Bisogna dare conto ce se non ci fossero stati certi personaggi nella storia del rock, molte correnti, molti artisti e molte band avrebbero avuto un repertorio più povero, o forse non sarebbero nate. Per gli Spacemen 3 possiamo prendere questa supposizione come valida. Band di culto degli anni ’80, riscopritori delle atmosfere psichedeliche in odor space rock che andavano circa vent’anni prima, hanno contribuito alla rilettura positiva di quel pop pulp e fuori di melone, che include le bellone di Russ Meyer arrivando fino ai Nuggets raccolti da Lenny Kaye.
Di quella compagine faceva parte anche Sterling Roswell, detto Rosco, il quale prestò le sue mani per battere i tamburi nel culto “The Perfect Prescription” e nel successivo “live Performance”. Con il suo stile tra il primo Nick Mason e Maureen Tucker, Rosco ha proseguito per la sua strada anche nei Darkside, altra formazione dalle mire psichedeliche ma più compattata verso il rock tradizionale.
Avviato verso una carriera solista soddisfacente, l’ex Spaceman 3 ha continuato la sua ricerca sonora procedendo a ritroso, celebrando gli idoli di quando era ragazzino, ossia ancora lo space pop di barrettiana memoria, come pure le turbe acide dei Velvet Underground. “The Call of the Cosmos” è il secondo risultato, dopo “Psychedelic Ubik”, dove Rosco trova finalmente il suo spazio personale. Non aspirando al culto, alla nicchia, alla sterilità di una formula ripetuta, Rosco si gioca le sue carte, ovvero un suono compiutamente retrò e delle melodie semplici, quasi senza tempo.

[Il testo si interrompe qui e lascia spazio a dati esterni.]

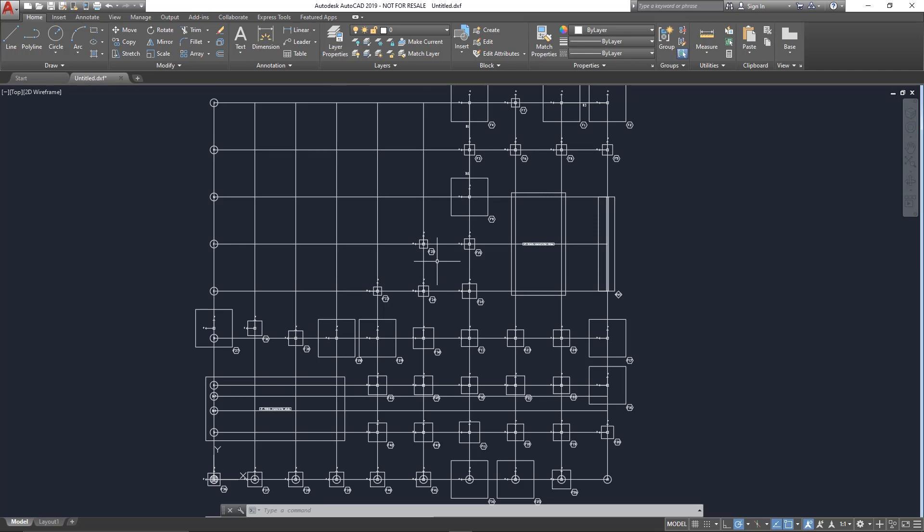Thank you for viewing this session of the RISA Steel Building Workshop focused on RISA Foundation. When you're ready, please proceed to the next video which will focus on the RISA Revit link.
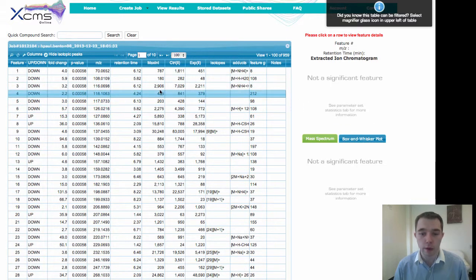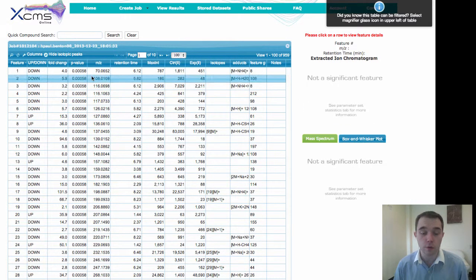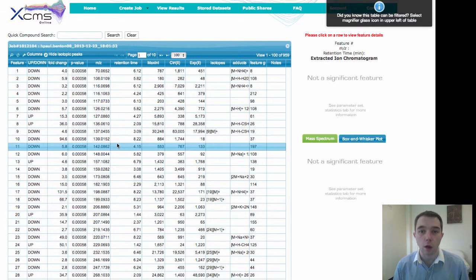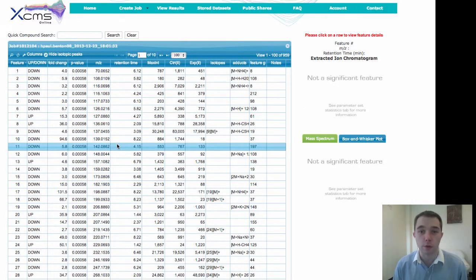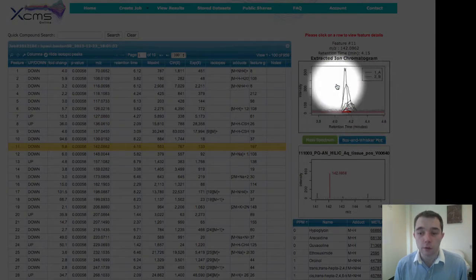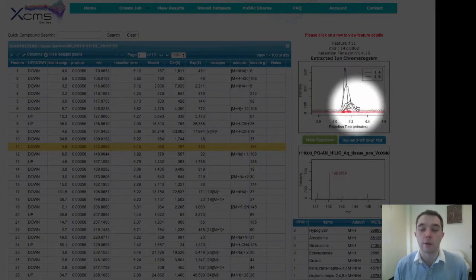If you click on browse results, you can see all of your different features which are already sitting here. Simply click on one of your features and you can see the extracted ion chromatogram.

A parte la pomposità dei titoli come Interplanetary Spaceliner, che va di pari passo con il packaging del disco, proprio tracce come quella citata, The girl from orbit in dub, Tripmaker, assurgono a diventare i pilastri del disco, dato che la metà delle tracce è formata da svisate psichedeliche di cui, oggi, forse, potremmo non sentirne il bisogno. La contrapposizione tra le scintille pop di chitarre sonanti e le lunghe intromissioni determina un giudizio tranchant su questo disco: o lo si ama per la metà pop, o per la metà kraut-avantgarde. Nella testa di Rosco tutto convive, ma nel 2014 forse le tendenze vanno altrove.
D’altra parte, potremmo domandarci: perchè un individuo sente il bisogno di fare un disco? Nel caso di Roswell per piacere personale, dato che il meglio lo ha già dato venticinque anni fa.